Oleg Mitasov is an economist, a store director, who later fell ill with schizophrenia and covers every surface he comes across with inscriptions, from the walls of his own apartment to the streets of the city. Mitasov died in 1999, but his wall messages are still remembered by Kharkov residents over 35 years old.

What is noteworthy is that, having never seen the Internet, the blessed one wrote everything with a dot. People perceived the inscriptions differently, many considered him a cult figure, almost a prophet, and saw in his texts something more than just letters.

Almost no one knew Mitasov’s biography. Born in Czechoslovakia. Received a higher economic education. P gave birth in a communal 7-room apartment in the center of Kharkov at the address: Krasnoznamenny Lane, building No. 18 (opposite Khudprom).

According to one legend, he went crazy after he forgot his doctoral dissertation on the tram on the way to the Higher Attestation Commission and because of this he did not become a doctor of science. This can be confirmed by the numerous mentions of the word VAK (higher certifying commission) in his inscriptions.

He did not allow anyone into his apartment and, nevertheless, from somewhere it was known that the entire space of the communal apartment, from which the rest of the residents had practically moved out, was also filled with inscriptions.

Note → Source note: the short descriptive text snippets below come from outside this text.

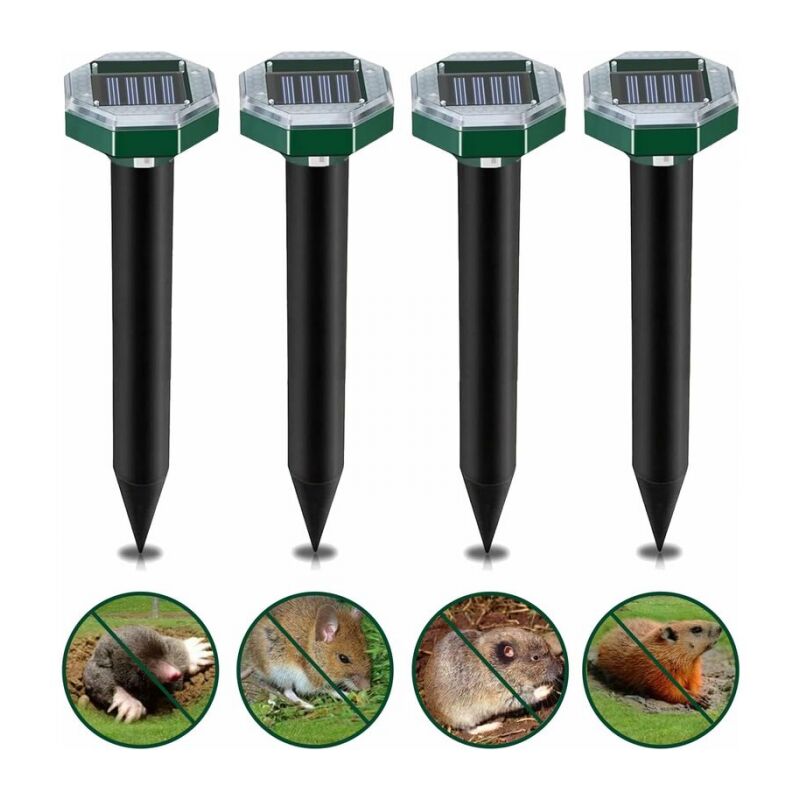 foto del prodotto repellente per talpe a ultrasuoni solare da 4 pezzi, repellente per talpe a ultrasuoni solare con ip65 impermeabile, pu essere utilizzato in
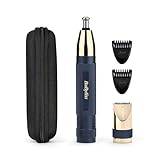 BaByliss Super-X Metal Series Nose Trimmer, Ear Eyebrow Hair Trimmer for Men, Grooming Kit, Gifts for Men (Gold/Blue)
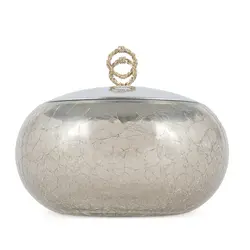ظرف شیشه ای C3 دردار لبه دار النا+شیشه شامپاینی (بدون رنگ داخل) - در نقره ای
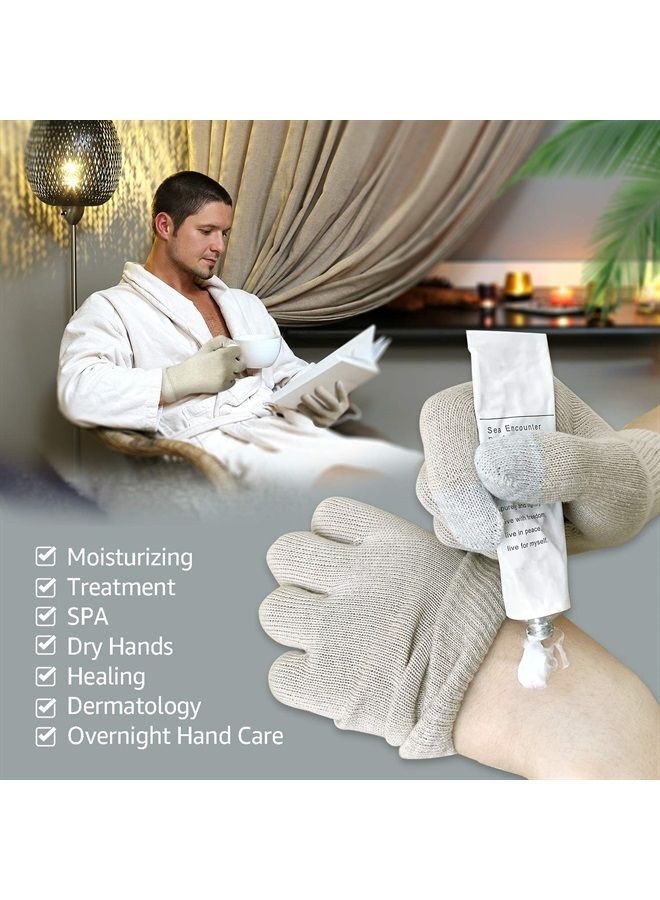 Evridwear Unisex Moisturizing Cotton Gloves with Touchscreen Fingertips for Eczema Beauty Cosmetic Dry Hands Sensitive Irritated Skin Therapy Overnight Bedtime, 6 Pairs, Lightweight-Beige, XS - Image 2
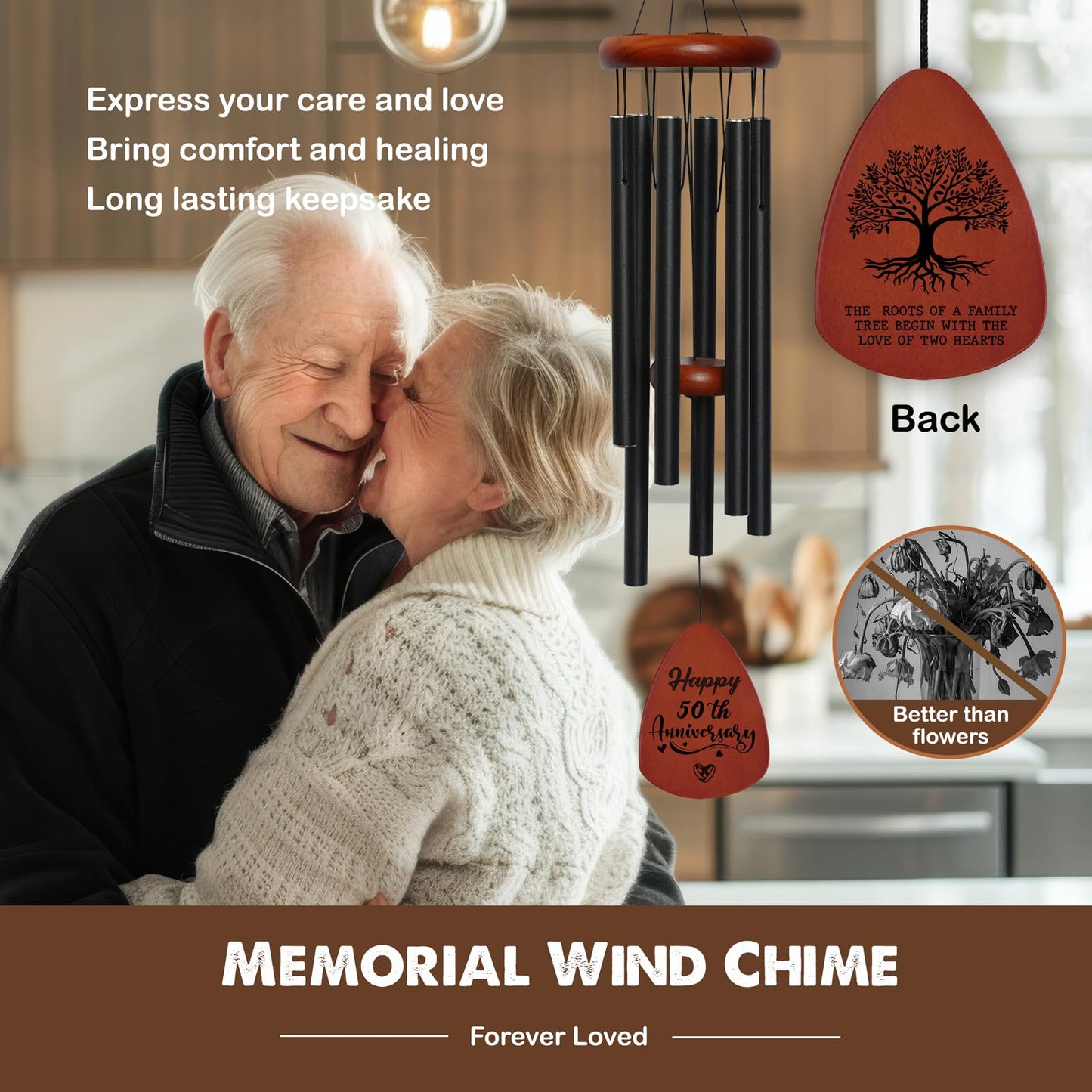 50th Wedding Anniversary Wind Chime Gifts for Women Grandma Grandparents, Happy Golden Anniversary Keepsake Decorations for Couples, Parents, Husband, Wife, Outdoor Garden Decoration Gifts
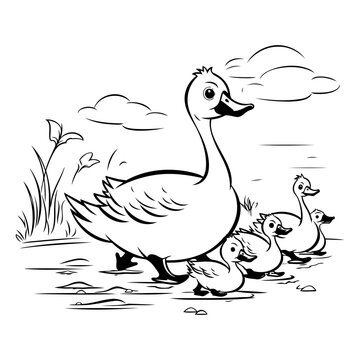 recommend clip art: Duckling with goslings. Black and white vector illustration.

In the city where Grigory Skovoroda, known for his philosophical paradoxical statements (“The world caught me, but did not catch me”), once lived and taught, the figure of Mitasov looked iconic, continuing a certain tradition of searching for cosmic harmony between man and the world around him. From the same series, the image of Mitasov the shaman, spinning and shouting words-symbols in the pouring rain.

Having fallen ill, he covered all the surfaces of his apartment with inscriptions, often in several layers.

He died at the end of 1999 from tuberculosis in one of the psychiatric hospitals Kharkov. After the death of his mother, the apartment was renovated, and all the inscriptions inside the apartment were lost. Currently, there is an office in Mitasov’s former apartment. The fate of the piano and refrigerator, covered in several layers with Mitasov’s inscriptions and drawings, is unknown.